Points of View

Enter The Dragon

Chinese money is propping up Japan’s property sector

Seth Sulkin
Apr 15, 2010 | No Comments

Seth Sulkin is the President and CEO of Pacifica Malls K.K., a Tokyo-based real estate asset manager specializing in commercial properties.

Seth Sulkin is the President and CEO of Pacifica Malls K.K., a Tokyo-based real estate asset manager specializing in commercial properties.

Just like in every other business sector, China’s growing presence is having an increasingly large impact on the Japanese real estate market. Initially, the impact was mostly negative, as global institutions tired of waiting for the long-promised recovery in Japan turned their attention to the booming property market in China.

More recently, however, rising Chinese wealth and a variety of government and business risks have led to a more complex situation resulting in growing inward investment in Japanese property from Chinese individuals and companies.

Since the Lehman shock, China has been one of the few bright spots in the global property market. In 2009, with the U.S., Europe and Japan still in deep distress, China property prices boomed to the extent that the Chinese government has been looking for ways of cooling down excess speculative investment by restricting bank lending.

Given the legal and business complexities of buying Chinese property, major global funds have generally been cautious about making large investments.

An increasing number of leading international and Asian property funds have made their first investments in China by now, and China’s allocation in global and regional funds is only expected to continue rising, mainly at the expense of Japan’s share.

In the U.S., distressed investment opportunities abound, reducing the need for many funds to look abroad. In the UK, the debt market has recovered much faster than the U.S. or Japan, helping prices to recover somewhat, but more importantly, facilitating greater liquidity through higher transaction volume.

Illustration by Phil Couzens

In Japan, by contrast, debt remains scarce and leverage is low—at most 50 percent of the transaction price. Outside the central five wards of Tokyo (Minato, Chiyoda, Chuo, Shibuya and Shinjuku), debt is virtually impossible to obtain. Prices on medium- to high-quality properties remain stubbornly high, however, yields remain too low to be attractive to any but the most conservative, so-called “core” investors.

Institutional investors tend to focus on the office market, which is generally the most transparent and easiest asset class to manage. At the moment, though, the office market has the worst fundamentals of any real estate asset class in Japan, so many international funds have been turning their attention increasingly to China.

Japanese real estate companies and real estate investment trusts (REITs) have not yet been active in China, although that could change soon. Over the last few months, the Japanese capital markets have improved to the extent that blue-chip property companies and their affiliated REITs have been able to tap the public markets for equity and debt offerings, giving them fresh dry powder to make acquisitions both domestically and potentially in China.

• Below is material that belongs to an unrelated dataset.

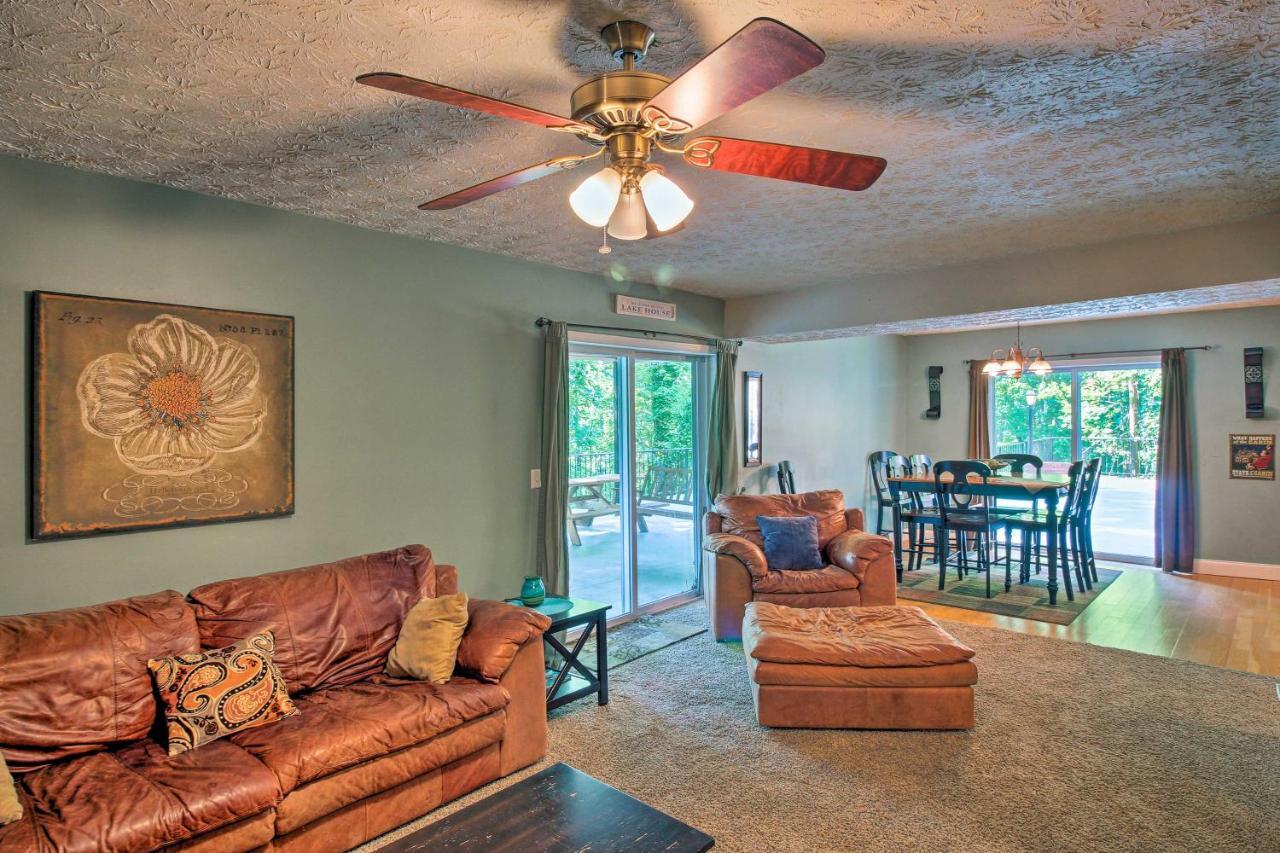 Spacious Georgia Getaway With Dock On Lake Lanier! غينسفيل المظهر الخارجي الصورة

While the Japanese property sector has been largely absent from China so far, Japanese retailers and manufacturers have been going to China in droves. Japanese consumer and industrial brands are extremely popular in China and with few growth prospects for the domestic market, many Japanese companies have come to the conclusion that their only hope to survive is the Chinese market.

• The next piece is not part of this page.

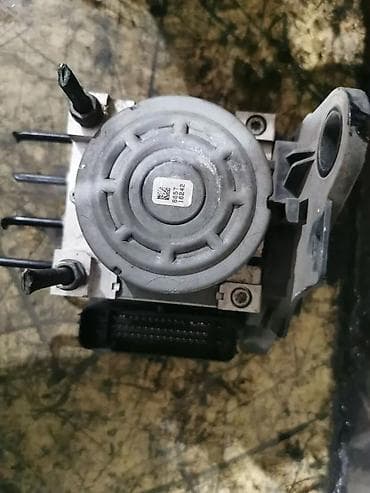 tip rs: ABS PUMPA. A4 B9. 15-18. 5Q0907379L | ABS pumpa — 4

Back in Japan, the presence of Chinese individuals and companies is rapidly growing. Walk down Chuo-dori in Ginza and it feels like there are more Chinese tourists than Japanese spending money at the department stores. During the recent Chinese New Year, ski slopes in Karuizawa and Niseko were full of Chinese visitors. I frequently hear that Chinese individuals have been buying resort condos around Japan.

In the commercial property sector, Chinese investors are said to be the winners of recent auctions for hotels in Hakone and Niseko. These trends are good for the Japanese property market, the Japanese economy and Japan-China relations. Unless the Japanese government does something else to stimulate banks to lend more, however, the Chinese may soon be the only investors left willing to buy Japanese property.